By Trump's account, it was not because voters preferred Joe Biden. Rather, Trump was denied a second term by a long list of malefactors who delivered a phony victory to Biden or ratified that outcome. These criminal conspirators and after-the-fact accessories included:

Dominion Voting Systems

The company allegedly produced fraud-facilitating election software that switched hundreds of thousands (or possibly "millions") of Trump votes to Biden votes. But according to a statement endorsed by the Cybersecurity and Infrastructure Security Agency, "There is no evidence that any voting system deleted or lost votes, changed votes, or was in any way compromised."

Venezuela, Cuba and China

Sidney Powell, a lawyer who was part of the "elite strike force team" seeking to reverse Biden's victory, traces the purportedly rigged voting machines to deceased Venezuelan strongman Hugo Chávez. The anti-Trump plot, she says, reflects "the massive influence of communist money through Venezuela, Cuba and likely China in the interference with our elections."

George Soros and the Clinton Foundation

The chairman of Smartmatic, another company that figures in Trump's conspiracy theory even though its role in the 2020 election was limited to Los Angeles County, is "a close associate and business partner of George Soros, the biggest donor to the Democrat party," Trump attorney Rudy Giuliani darkly noted. "There are ties of the Dominion leadership to the Clinton Foundation and to other known politicians in this country," Powell said.

State Election Officials

According to Trump, Democratic election officials across the country resorted to manufacturing phony paper ballots after their initial, machine-based scheme fell short. Republican election officials, such as Georgia Secretary of State Brad Raffensperger, either actively facilitated the fraud or willfully ignored it.

The "Fake News" Media

As the president sees it, all the journalists who reported that Biden won the election or questioned Trump's allegations of systematic fraud -- including employees of Trump-friendly outlets such as Fox News and the New York Post -- were part of the cover-up.

Republican Politicians

Trump thinks Senate Majority Leader Mitch McConnell, R-Ky., and all the other Republican lawmakers who have conceded Biden's victory were too scared to "fight." He has even less regard for state leaders from his party, such as Georgia Gov. Brian Kemp, who have had the nerve to defend the integrity of their elections.
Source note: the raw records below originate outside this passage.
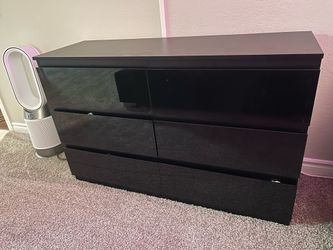 Black Dresser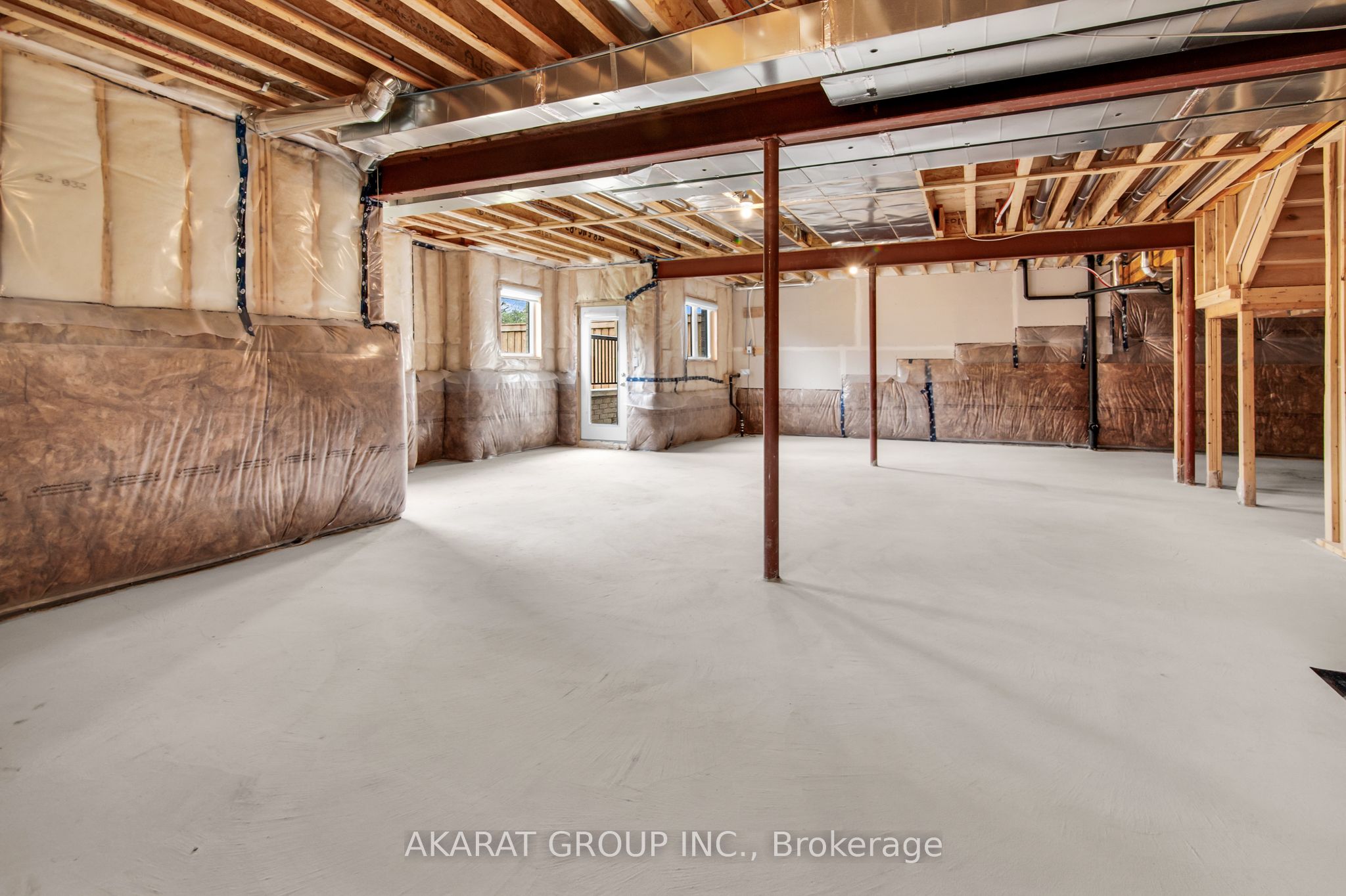 1283 Meadowside Path Property Photo 46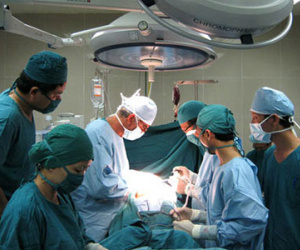 Mẹ 53 tuổi, bố 63 tuổi vẫn sinh đôi hai bé gái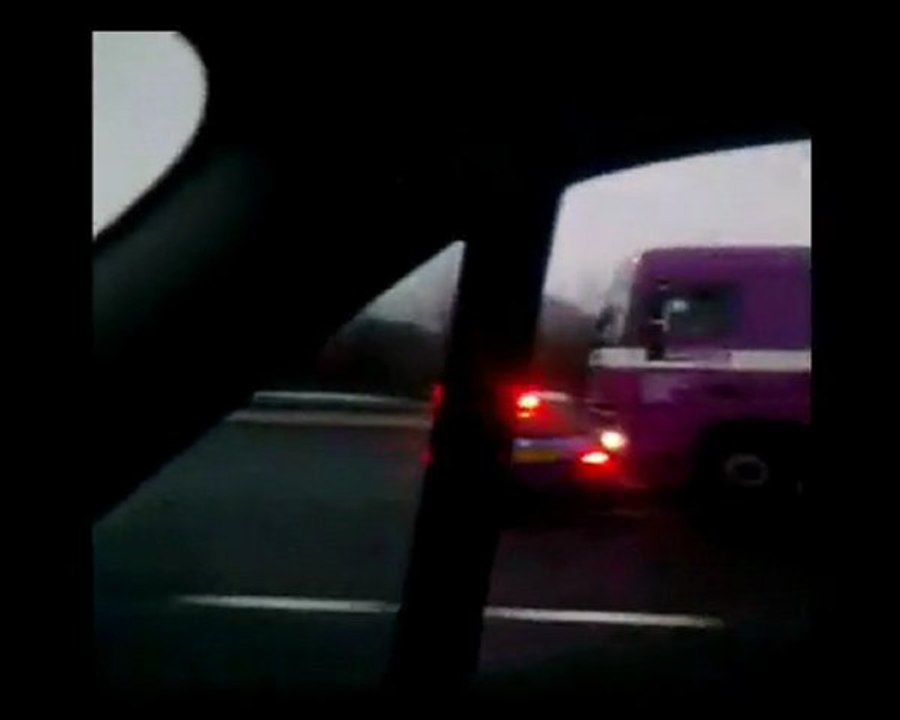 Camion attaque voiture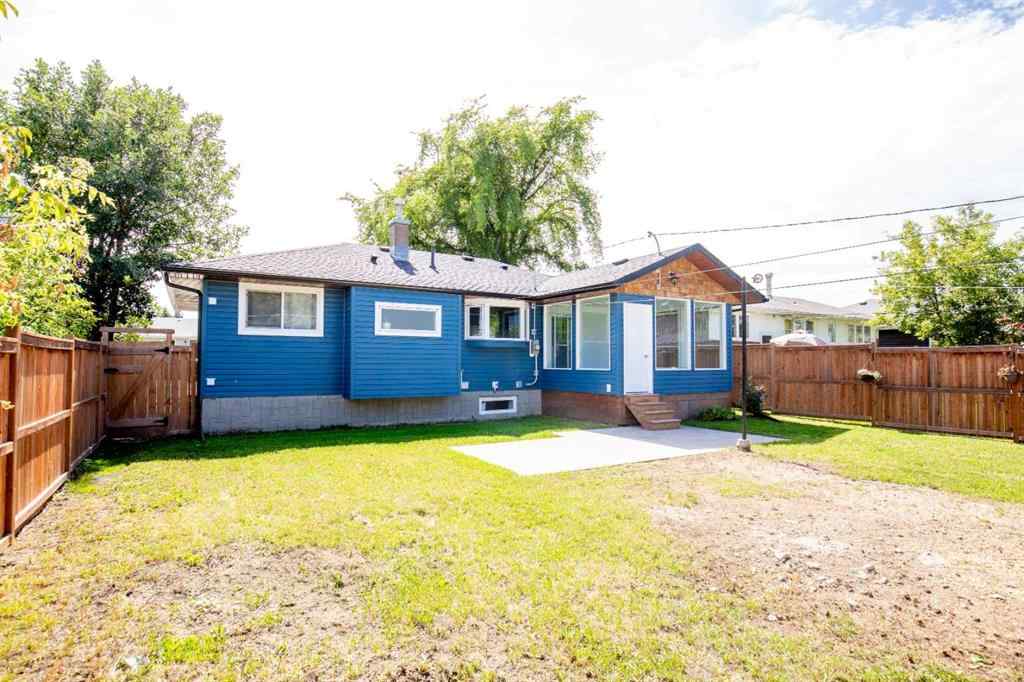 MLS® A2246637 - 4912 43 Street  in Central Innisfail Innisfail, Residential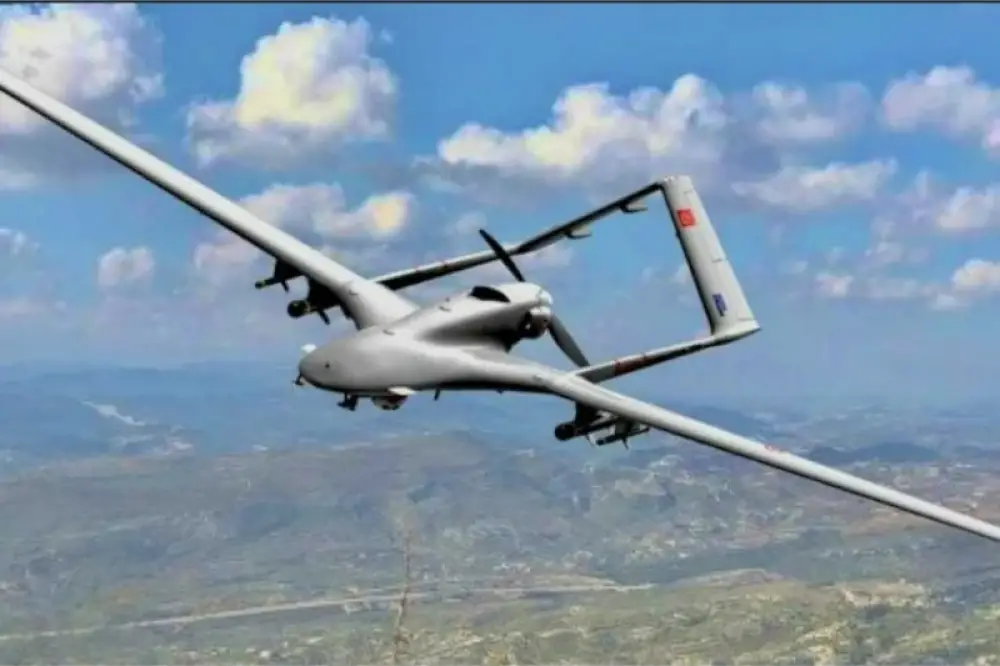 Le Maroc déploie des drones turcs Bayraktar Akıncı à Ben Guerir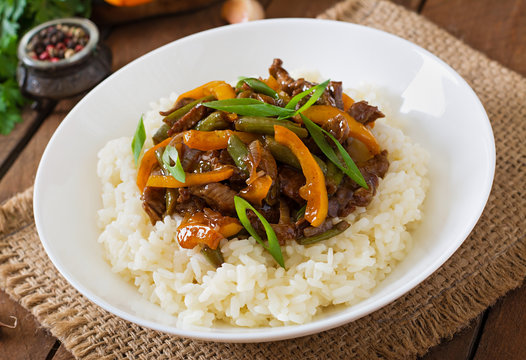 Stir frying beef with sweet peppers and green beans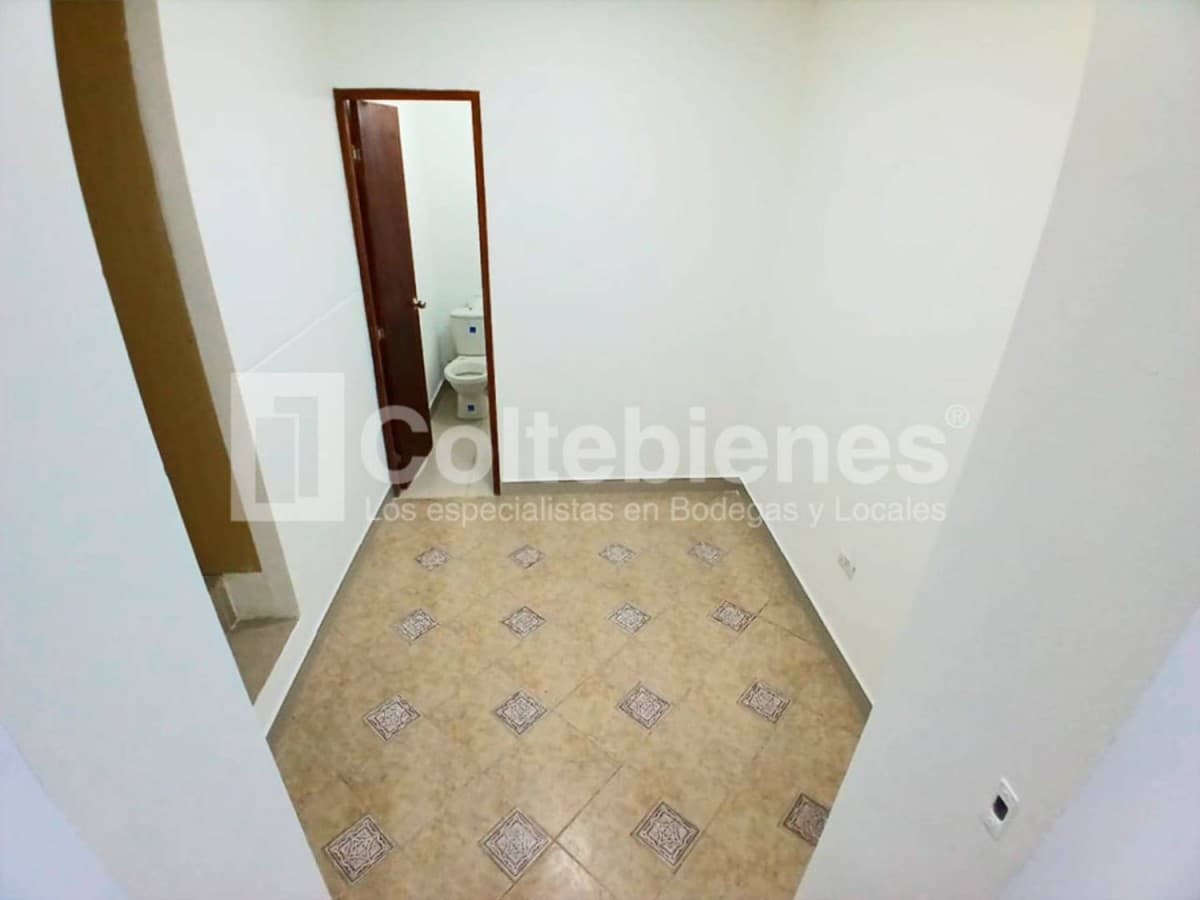 Local en arriendo – Centro, Envigado foto 5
Attorney General William Barr

Barr drew Trump's ire by saying the Justice Department had not seen fraud massive enough to swing the election or "anything to substantiate" claims about rigged voting machines. "The 'Justice' Department and the FBI have done nothing about the 2020 Presidential Election Voter Fraud, the biggest SCAM in our nation's history," Trump complained last week.

Judges

Nearly all of the 60 or so postelection lawsuits filed by the Trump campaign, whether they alleged actual voting fraud or were limited to challenging election procedures, have been rejected by state or federal judges, including Trump appointees. The pro-Trump lawsuits filed by Powell after she was ejected from the campaign's legal team have not fared any better.

The Supreme Court

After the Court unanimously declined to hear two lawsuits challenging the election results in swing states, Trump said the justices -- including the three he picked -- "chickened out," revealing themselves as "totally incompetent and weak." Trump, who says he actually won by "a magnificent landslide," still claims he has "absolute PROOF" of "massive Election Fraud" that for some reason he has failed to produce in court.

The only person Trump has not blamed for his defeat is the one who apparently alienated enough voters to secure Biden's victory. The personal traits Trump has vividly displayed since the election -- vanity, dishonesty, irresponsibility and recklessness -- go a long way toward explaining why that happened.